WORK INSTRUCTIONS
Reproduce precisely the lines of the listing below, starting with the line that contains "2027 Ford Expedition Tremor" and stopping after the line that contains "Rubina Dilaik and"; include nothing else.
===
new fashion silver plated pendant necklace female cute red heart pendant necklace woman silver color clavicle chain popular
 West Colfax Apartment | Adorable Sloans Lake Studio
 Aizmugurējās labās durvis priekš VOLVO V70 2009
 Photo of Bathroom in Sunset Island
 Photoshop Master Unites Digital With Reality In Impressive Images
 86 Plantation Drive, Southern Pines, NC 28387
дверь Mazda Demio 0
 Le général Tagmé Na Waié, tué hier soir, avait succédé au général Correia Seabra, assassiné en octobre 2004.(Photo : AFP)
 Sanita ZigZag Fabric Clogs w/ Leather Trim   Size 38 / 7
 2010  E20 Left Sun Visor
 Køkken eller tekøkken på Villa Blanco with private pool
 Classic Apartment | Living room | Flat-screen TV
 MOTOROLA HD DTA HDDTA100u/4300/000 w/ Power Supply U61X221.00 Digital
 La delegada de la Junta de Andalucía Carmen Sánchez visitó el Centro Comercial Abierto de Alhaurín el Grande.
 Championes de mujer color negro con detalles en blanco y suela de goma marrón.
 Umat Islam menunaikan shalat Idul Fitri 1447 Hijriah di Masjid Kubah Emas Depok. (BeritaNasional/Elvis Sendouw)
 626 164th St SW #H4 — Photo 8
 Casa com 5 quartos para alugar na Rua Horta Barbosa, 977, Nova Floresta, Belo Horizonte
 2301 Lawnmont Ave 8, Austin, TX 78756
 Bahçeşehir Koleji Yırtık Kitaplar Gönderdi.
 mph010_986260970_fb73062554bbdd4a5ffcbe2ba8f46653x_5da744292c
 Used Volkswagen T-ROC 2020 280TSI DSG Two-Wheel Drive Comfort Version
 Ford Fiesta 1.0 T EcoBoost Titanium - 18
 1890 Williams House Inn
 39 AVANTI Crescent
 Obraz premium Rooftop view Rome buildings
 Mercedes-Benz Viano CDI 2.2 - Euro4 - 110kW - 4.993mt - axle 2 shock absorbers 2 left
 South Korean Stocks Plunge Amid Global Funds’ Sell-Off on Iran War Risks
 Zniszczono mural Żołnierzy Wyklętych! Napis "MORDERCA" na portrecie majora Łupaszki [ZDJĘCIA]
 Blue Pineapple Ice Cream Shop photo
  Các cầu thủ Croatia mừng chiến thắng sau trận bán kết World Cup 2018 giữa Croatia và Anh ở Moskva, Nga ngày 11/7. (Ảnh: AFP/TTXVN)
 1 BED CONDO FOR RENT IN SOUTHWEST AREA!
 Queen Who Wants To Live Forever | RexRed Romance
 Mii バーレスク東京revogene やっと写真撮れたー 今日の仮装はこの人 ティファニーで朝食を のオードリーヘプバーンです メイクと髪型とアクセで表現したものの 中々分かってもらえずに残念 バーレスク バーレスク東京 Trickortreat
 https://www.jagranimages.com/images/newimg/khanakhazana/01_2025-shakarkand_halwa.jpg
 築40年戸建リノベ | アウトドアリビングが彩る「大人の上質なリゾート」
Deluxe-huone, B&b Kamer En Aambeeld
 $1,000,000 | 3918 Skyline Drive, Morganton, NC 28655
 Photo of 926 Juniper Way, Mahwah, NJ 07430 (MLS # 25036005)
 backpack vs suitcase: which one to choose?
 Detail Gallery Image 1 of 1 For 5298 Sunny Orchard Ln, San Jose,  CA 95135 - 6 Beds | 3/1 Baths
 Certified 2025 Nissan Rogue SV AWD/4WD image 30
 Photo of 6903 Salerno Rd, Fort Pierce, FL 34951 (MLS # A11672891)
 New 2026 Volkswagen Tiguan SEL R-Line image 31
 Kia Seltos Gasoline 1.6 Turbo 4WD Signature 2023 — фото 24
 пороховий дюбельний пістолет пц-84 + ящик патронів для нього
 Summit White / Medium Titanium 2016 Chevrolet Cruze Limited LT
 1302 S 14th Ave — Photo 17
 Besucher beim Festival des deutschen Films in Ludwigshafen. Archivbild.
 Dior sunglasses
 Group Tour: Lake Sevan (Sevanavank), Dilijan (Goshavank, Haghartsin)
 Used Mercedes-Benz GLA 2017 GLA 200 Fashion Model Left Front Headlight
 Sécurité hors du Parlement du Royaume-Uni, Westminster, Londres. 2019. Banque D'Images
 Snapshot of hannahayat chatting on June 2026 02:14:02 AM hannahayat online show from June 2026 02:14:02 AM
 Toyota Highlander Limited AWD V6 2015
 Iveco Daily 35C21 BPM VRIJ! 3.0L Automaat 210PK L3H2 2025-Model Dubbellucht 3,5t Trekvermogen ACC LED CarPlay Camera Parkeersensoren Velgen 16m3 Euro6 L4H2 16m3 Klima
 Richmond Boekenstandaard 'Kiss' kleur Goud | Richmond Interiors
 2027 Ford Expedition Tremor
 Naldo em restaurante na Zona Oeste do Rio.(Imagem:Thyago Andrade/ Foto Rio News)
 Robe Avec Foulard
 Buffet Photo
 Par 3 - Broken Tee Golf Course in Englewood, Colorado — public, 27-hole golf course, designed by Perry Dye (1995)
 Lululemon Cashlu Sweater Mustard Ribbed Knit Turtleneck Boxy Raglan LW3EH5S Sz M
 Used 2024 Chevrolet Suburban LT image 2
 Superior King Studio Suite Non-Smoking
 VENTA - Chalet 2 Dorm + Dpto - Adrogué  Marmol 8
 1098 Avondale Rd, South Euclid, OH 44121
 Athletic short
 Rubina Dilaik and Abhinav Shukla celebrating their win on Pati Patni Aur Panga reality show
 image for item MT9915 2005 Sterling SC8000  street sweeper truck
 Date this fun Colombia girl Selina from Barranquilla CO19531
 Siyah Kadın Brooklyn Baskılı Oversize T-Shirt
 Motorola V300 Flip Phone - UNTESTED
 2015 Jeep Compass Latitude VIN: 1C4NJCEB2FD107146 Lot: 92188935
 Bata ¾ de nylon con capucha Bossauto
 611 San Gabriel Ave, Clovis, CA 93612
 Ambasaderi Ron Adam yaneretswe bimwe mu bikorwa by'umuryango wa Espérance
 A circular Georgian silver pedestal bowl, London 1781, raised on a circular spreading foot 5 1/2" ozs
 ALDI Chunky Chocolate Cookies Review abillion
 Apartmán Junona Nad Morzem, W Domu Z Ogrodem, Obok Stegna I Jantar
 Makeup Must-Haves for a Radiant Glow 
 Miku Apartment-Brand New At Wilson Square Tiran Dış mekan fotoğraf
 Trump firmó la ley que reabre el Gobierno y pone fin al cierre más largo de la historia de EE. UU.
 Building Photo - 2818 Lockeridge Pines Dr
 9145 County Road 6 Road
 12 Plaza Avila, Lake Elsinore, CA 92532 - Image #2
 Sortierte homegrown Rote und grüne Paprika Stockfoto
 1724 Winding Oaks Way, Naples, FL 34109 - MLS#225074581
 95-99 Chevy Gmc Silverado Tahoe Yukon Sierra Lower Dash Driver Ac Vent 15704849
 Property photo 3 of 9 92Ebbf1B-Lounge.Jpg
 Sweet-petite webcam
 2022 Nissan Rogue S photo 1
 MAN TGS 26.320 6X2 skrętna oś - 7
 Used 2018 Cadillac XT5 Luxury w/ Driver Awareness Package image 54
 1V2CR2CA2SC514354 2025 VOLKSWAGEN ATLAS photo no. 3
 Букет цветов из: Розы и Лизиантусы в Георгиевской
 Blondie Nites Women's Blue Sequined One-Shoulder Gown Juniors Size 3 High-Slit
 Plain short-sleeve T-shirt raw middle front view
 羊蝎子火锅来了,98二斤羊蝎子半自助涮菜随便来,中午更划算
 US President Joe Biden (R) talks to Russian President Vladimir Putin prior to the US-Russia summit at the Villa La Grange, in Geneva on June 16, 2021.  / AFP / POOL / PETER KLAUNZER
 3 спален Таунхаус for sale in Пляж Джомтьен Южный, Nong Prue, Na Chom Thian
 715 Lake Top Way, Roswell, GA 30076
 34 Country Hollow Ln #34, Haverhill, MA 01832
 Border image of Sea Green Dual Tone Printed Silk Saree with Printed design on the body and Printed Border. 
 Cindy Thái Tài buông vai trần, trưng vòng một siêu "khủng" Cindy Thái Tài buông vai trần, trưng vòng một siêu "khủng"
===
ANSWER SPACE
 2027 Ford Expedition Tremor
 Naldo em restaurante na Zona Oeste do Rio.(Imagem:Thyago Andrade/ Foto Rio News)
 Robe Avec Foulard
 Buffet Photo
 Par 3 - Broken Tee Golf Course in Englewood, Colorado — public, 27-hole golf course, designed by Perry Dye (1995)
 Lululemon Cashlu Sweater Mustard Ribbed Knit Turtleneck Boxy Raglan LW3EH5S Sz M
 Used 2024 Chevrolet Suburban LT image 2
 Superior King Studio Suite Non-Smoking
 VENTA - Chalet 2 Dorm + Dpto - Adrogué  Marmol 8
 1098 Avondale Rd, South Euclid, OH 44121
 Athletic short
 Rubina Dilaik and Abhinav Shukla celebrating their win on Pati Patni Aur Panga reality show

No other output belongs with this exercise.